Note: We make Atlas. This is a comparison written by the team that built it, not a neutral third-party review. Where Elicit has the better answer for a given research job, the article says so plainly. See the table rows where Elicit wins and the "When to choose Elicit" section below. The goal is to give you the data you need to choose the right tool for the kind of work in front of you, not to convince you Atlas is the answer to every research job.

Atlas is a visual research workspace for people whose work depends on understanding a body of papers: a thesis, a treatment decision, a major-purchase teardown, a literature review. Elicit is an AI-assisted research assistant focused on systematic literature search: enter a research question, Elicit retrieves relevant papers from Semantic Scholar, extracts structured data into a table, and synthesises summaries with citations. Both tools touch a researcher's daily work. The wedge is what happens after the first answer. Atlas deconstructs each paper into a Knowledge Map (a visual map of the argument), projects a whole corpus into a Semantic Map, runs every answer through claim-source-justification (the citation-grounded surface that explains why a passage supports a claim), and compounds prior work into a persistent knowledge graph so projects get smarter the longer you use Atlas. Elicit's brand and integration with Semantic Scholar are genuinely strong for systematic-review-style discovery, when you don't yet know which papers exist on a topic, Elicit's search-and-extract pipeline is one of the better starting points. If you need to trust the answers (for a thesis, a treatment plan, a brief, a hire), the visual maps, claim-source-justification, and compounding graph are where Atlas earns the comparison.

How is Atlas different?

Elicit and Atlas overlap at the surface: both touch the work of reading and reasoning over sources. But they diverge on three capabilities that decide whether the output is shareable, defensible work. This section walks through the three differences, in order.

1. Visual maps of every paper and project

Atlas builds two kinds of visual map automatically as you read. A Knowledge Map deconstructs each paper into its argument structure: claims, evidence, definitions, and labeled relations between them (motivates, causes, enables, contradicts), laid out as a multi-level zoom. You see the paper's spine at the top level and drop into the supporting passages with a click. A Semantic Map projects your whole project (sources, notes, chats, citations) into a spatial canvas where related items cluster by topic, and you can re-project the same canvas under a new topic angle without re-reading anything. The Semantic Map is how 200 papers stop being a folder and start being a corpus.

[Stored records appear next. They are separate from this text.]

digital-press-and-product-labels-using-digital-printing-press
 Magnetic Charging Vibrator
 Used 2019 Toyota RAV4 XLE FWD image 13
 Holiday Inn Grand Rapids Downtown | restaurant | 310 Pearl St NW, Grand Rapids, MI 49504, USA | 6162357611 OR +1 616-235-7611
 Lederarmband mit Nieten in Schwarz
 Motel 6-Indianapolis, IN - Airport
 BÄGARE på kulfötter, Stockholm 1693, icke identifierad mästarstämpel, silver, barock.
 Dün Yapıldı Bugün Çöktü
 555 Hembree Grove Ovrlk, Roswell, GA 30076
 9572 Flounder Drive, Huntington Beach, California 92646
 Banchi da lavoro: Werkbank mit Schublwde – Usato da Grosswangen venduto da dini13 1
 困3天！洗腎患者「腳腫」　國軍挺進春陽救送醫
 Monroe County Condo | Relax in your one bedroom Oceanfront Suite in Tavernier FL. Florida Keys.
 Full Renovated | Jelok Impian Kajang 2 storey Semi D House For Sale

"It's like an ultimate GPT. I can finally see what I've read." Kyle Lao, NUS researcher

Elicit does not have a per-paper claim-evidence deconstruction or a topic-angle re-projection across an entire project. If you've ever spent an afternoon trying to recover the structure of a paper you read three weeks ago, the Knowledge Map is the surface that pays for itself first. Visual maps make a body of papers legible at a glance, and the multi-level zoom of the Knowledge Map is the surface Atlas is built around.

2. Every claim traces to a source, and Atlas explains why the source supports it

The hallucination problem in AI research tools isn't "the model made something up." It's "the model put a citation next to a claim that the cited passage doesn't justify." Atlas renders every answer as a claim-source-justification triple: the claim, the passage, and a one-sentence explanation of why the passage supports the claim. You can click into the source paragraph and read the highlighted sentences in context.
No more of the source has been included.